Abstract We carried out 3D-hydrodynamical calculations for the interaction of expanding supernova ejecta with the dense circumstellar matter (CSM) and the rarefied interstellar medium (ISM) outside. The CSM is composed of stellar-wind matter from the progenitor in its pre-supernova phase, and assumed to be axially symmetric: more matter around the equator than in the polar direction driven by rotation of the progenitor. Because of the high density of the CSM, the ionization state of the shock-heated ejecta quickly becomes equilibrium with the electron temperature. When the blast wave breaks out of the CSM into the rarefied ISM, the shocked ejecta cools rapidly due to adiabatic expansion, and hence an over-ionized/recombining plasma would be left.
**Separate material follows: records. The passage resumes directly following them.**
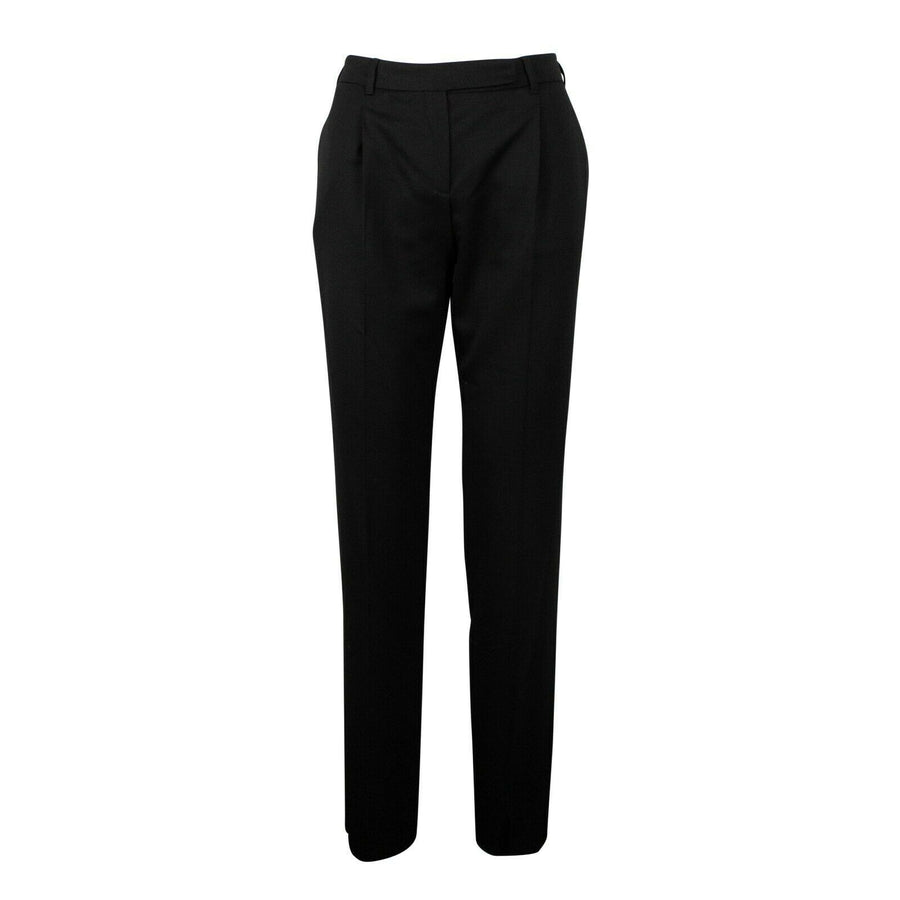 Wool Blend Pleated Pants - Black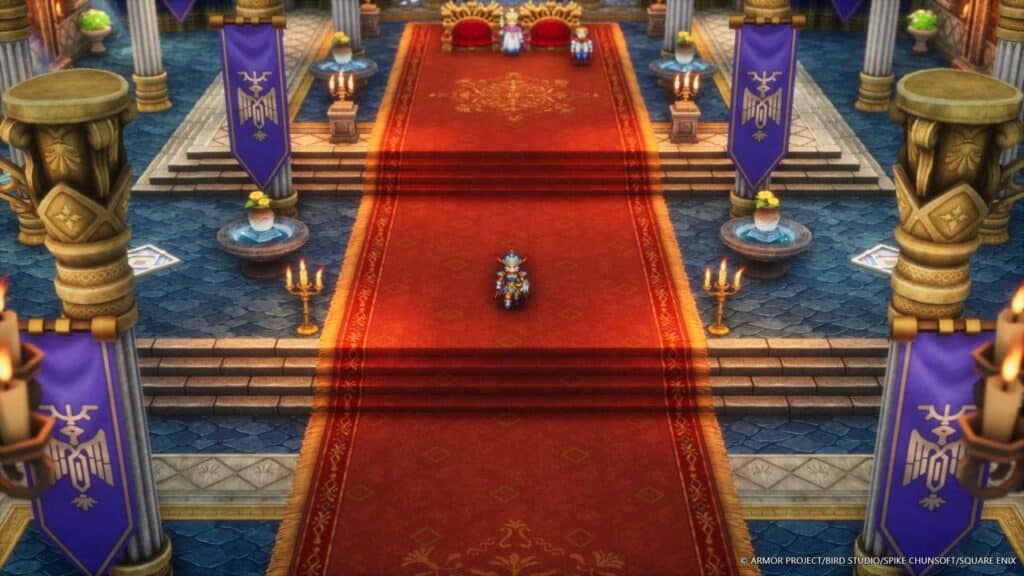 A small character stands on a red carpet in an ornate throne room with pillars, banners, and empty thrones, reminiscent of scenes from the Dragon Quest I & II HD-2D Remake.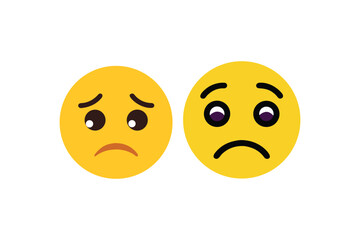 Fototapeta premium Two yellow emoticons displaying contrasting emotions a sad and a worried silhouette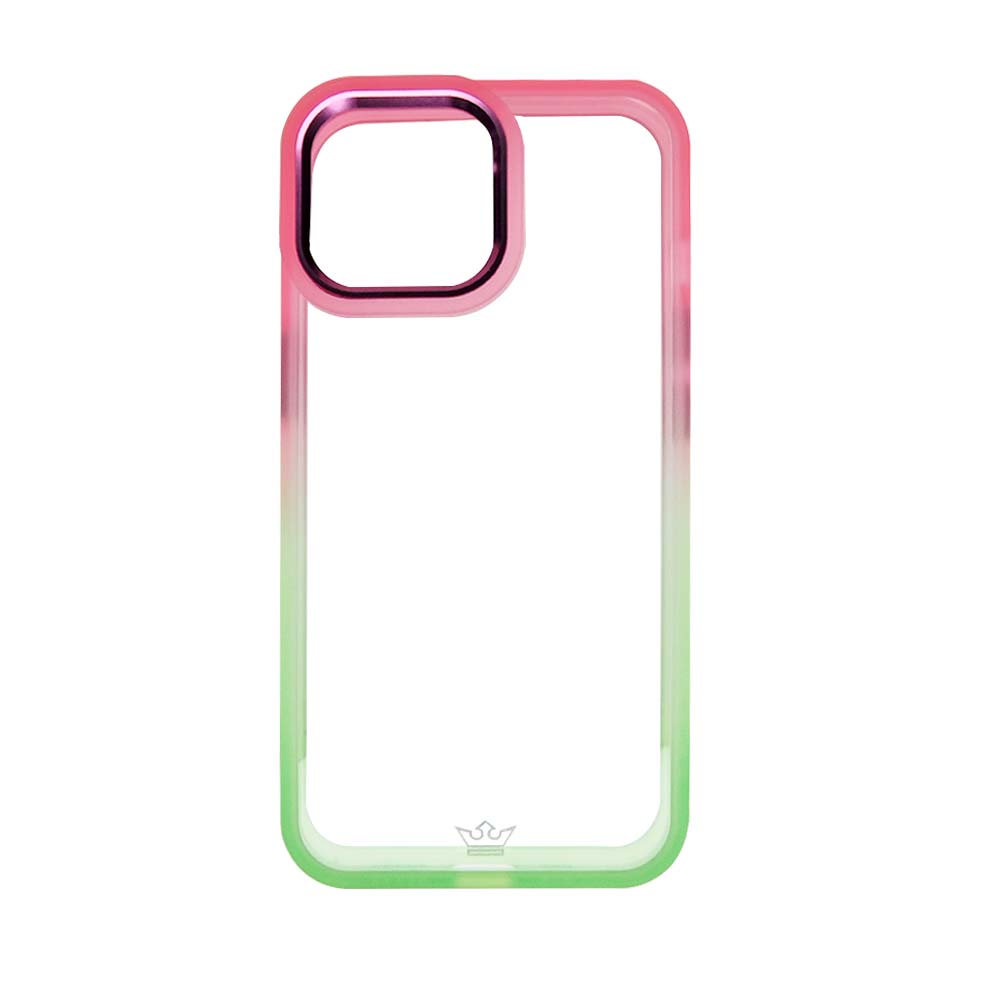 Estuche clasico el rey degrade apple iphone 12 , iphone 12 pro color rosado / verde - TOP MOVIL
The ejecta is reheated by the second reverse shock due to the interaction with the ISM. We calculated the emission measure of the supernova remnant (SNR) along the line of sight, and found that the over-ionized plasma appears to be bar-like with wings in the edge-on (equatorial view), while shell-like in the face-on (polar view) geometry with respect to the rotation axis. Hot gas heated by the blast wave exists in the outermost region of the SNR with a nearly complete shell, but the X-rays therefrom are too faint to be observable. Thus, depending on the viewing angle, the SNR of the over-ionized plasma would exhibit a center-filled morphology in X-rays, like W 49 B, a mixed-morphology SNR. The bar-like structure is swept out by the second reverse shock and disappears eventually, and then the SNR becomes shell-like in both the equatorial and polar views in the later phase of evolution.